Should fostering renewable energy sources be a major priority for the UK government?
YES
Juliet Davenport
The government is right with its overarching principle that we’ll need more low-carbon generation to keep the lights on in the future. However, its draft energy bill gets the details wrong on how to achieve it. By focusing on contracts for difference, the proposals risk skewing the market towards nuclear and the “Big Six”, at the expense of renewable energy and smaller suppliers. These overly complex instruments, similar to derivatives, will restrict competition in the market rather than attract the new investment the industry needs, and the result is that consumers will be the losers and will end up having to pay higher prices.
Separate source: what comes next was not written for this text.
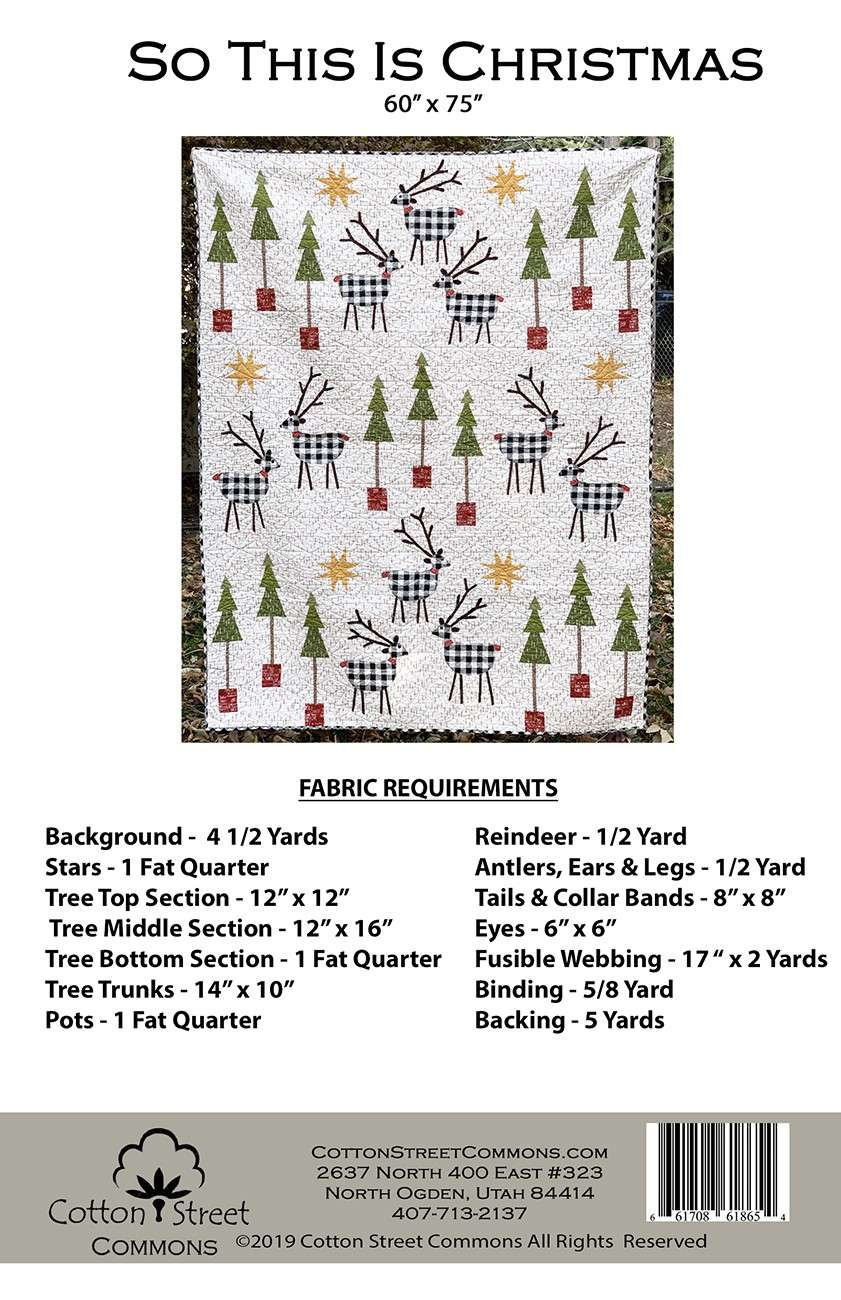 Enchanting Christmas Pattern Quilt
Renewable energy sourced in the UK is better for our energy security and will lead to lower and more stable prices in the long run. It will mean that money spent on our energy bills is re-invested here in Britain.
Juliet Davenport is chief executive and founder of Good Energy, Britain’s only 100 per cent renewable electricity supplier.
NO
David Merlin-Jones
British energy policy has been woefully managed for years. These new propositions are a compromise by the government that satisfies no one – they are not green enough for environmentalists and are too costly for consumers. At a time when increasing economic growth is key, the last thing the manufacturing sector needs is higher energy bills. The government should ensure competitive industrial energy prices to revitalise the economy and only after that should it worry about not subsidising nuclear power and promoting more expensive low-tech energy sources. Without a strong, rebalanced economy, Britain will not be able to afford greener energy investments anyway. At best, increasing prices for already hard-up consumers will alienate many from the green agenda and at worst, it will drive hundreds of thousands of households into the fuel poverty that already affects 4m UK households.
Davin Merlin-Jones is a research fellow at Civitas.